The sun sets behind the ruins of destroyed buildings in the Nuseirat refugee camp in the central Gaza Strip on December 31, 2025. (AFP)
The sun sets behind the ruins of destroyed buildings in the Nuseirat refugee camp in the central Gaza Strip on December 31, 2025. (AFP)

Israel said on Thursday that 37 international NGOs operating in Gaza had not complied with a deadline to meet "security and transparency standards," in particular disclosing information on their Palestinian staff, and that it "will enforce" a ban on their activities. 

The groups will now be required to cease their operations by March 1, which the United Nations has warned will exacerbate the humanitarian crisis in the war-ravaged Palestinian territory. 

"Organizations that have failed to meet required security and transparency standards will have their licenses suspended," the Ministry of Diaspora Affairs and Combating Antisemitism said in a statement on Thursday. 

Several NGOS have said the requirements contravene international humanitarian law or endanger their independence, while Israel has faced international criticism in the run-up to the deadline. 
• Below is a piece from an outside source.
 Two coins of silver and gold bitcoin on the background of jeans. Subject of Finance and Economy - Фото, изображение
Israel says the new regulation aims to prevent bodies it accuses of supporting terrorism from operating in the Palestinian territories. 
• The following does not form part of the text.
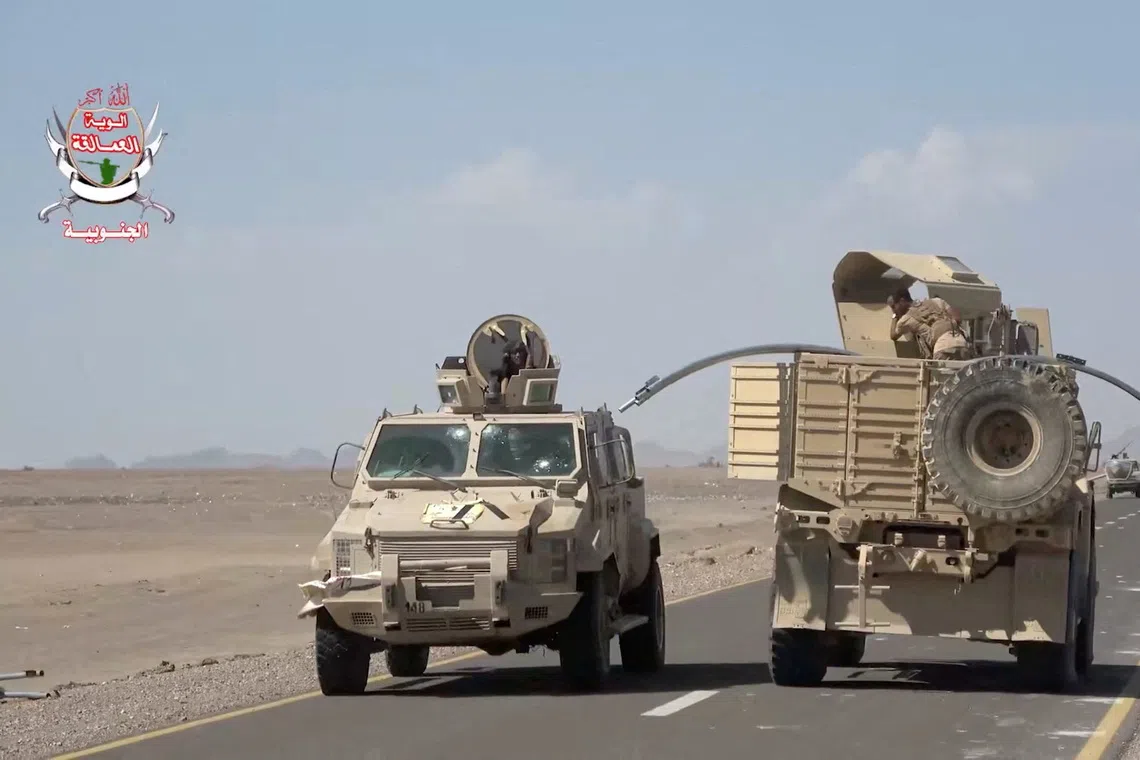 Military vehicles travel along a road during what Saudi-backed Yemeni government forces say was an advance against the Iran-backed Houthis, near Dhubab, Taiz Governorate, Yemen, in this still image taken from video released October 5, 2026.    Southern Giants Brigades/Handout via REUTERS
"The primary failure identified was the refusal to provide complete and verifiable information regarding their employees, a critical requirement designed to prevent the infiltration of terrorist operatives into humanitarian structures," the ministry said. 

In March, Israel gave a ten-month deadline to NGOs to comply with the new rules, which demand the "full disclosure of personnel, funding sources, and operational structures." 

The deadline expired on Wednesday. 

The 37 NGOs "were formally notified that their licenses would be revoked as of January 1, 2026, and that they must complete the cessation of their activities by March 1, 2026," the ministry said Thursday. 

- 'Weaponization of bureaucracy' - 

Minister of Diaspora Affairs and Combating Antisemitism Amichai Chikli said: "The message is clear: humanitarian assistance is welcome - the exploitation of humanitarian frameworks for terrorism is not." 

Numerous prominent humanitarian organizations have been hit by the ban, including Doctors Without Borders (MSF), World Vision International and Oxfam, according to the list provided by the ministry. 

In the case of MSF, Israel accused it of having two employees who were members of Palestinian groups Islamic Jihad and Hamas. 

MSF said earlier this week that the request to share a list of its staff "may be in violation of Israel's obligations under international humanitarian law" and said it "would never knowingly employ people engaging in military activity". 

On Thursday, 18 Israel-based left-wing NGOs denounced the decision to ban their international peers, saying "the new registration framework violates core humanitarian principles of independence and neutrality." 

"This weaponization of bureaucracy institutionalizes barriers to aid and forces vital organizations to suspend operations," they said. 

On Wednesday, United Nations rights chief Volker Turk described Israel's decision as "outrageous", calling on states to urgently insist Israel shift course. 

"Such arbitrary suspensions make an already intolerable situation even worse for the people of Gaza," he said. 

UN Palestinian refugee agency chief Philippe Lazzarini said the move sets a "dangerous precedent". 

"Failing to push back against attempts to control the work of aid organizations will further undermine the basic humanitarian principles of neutrality, independence, impartiality and humanity underpinning aid work across the world," he said on X. 

- 'Catastrophic' - 

On Tuesday, the foreign ministers of 10 countries, including France and the United Kingdom, urged Israel to "guarantee access" to aid in the Gaza Strip, where they said the humanitarian situation remains "catastrophic". 

A fragile ceasefire has been in place in Gaza since October, following a deadly war waged by Israel in response to Hamas's unprecedented attack on Israeli territory on October 7, 2023. 

Conditions for the civilian population in the Gaza Strip remain dire, with nearly 80 percent of buildings destroyed or damaged by the war, according to UN data. 

About 1.5 million of Gaza's more than two million residents have lost their homes, said Amjad Al-Shawa, director of the Palestinian NGO Network in Gaza.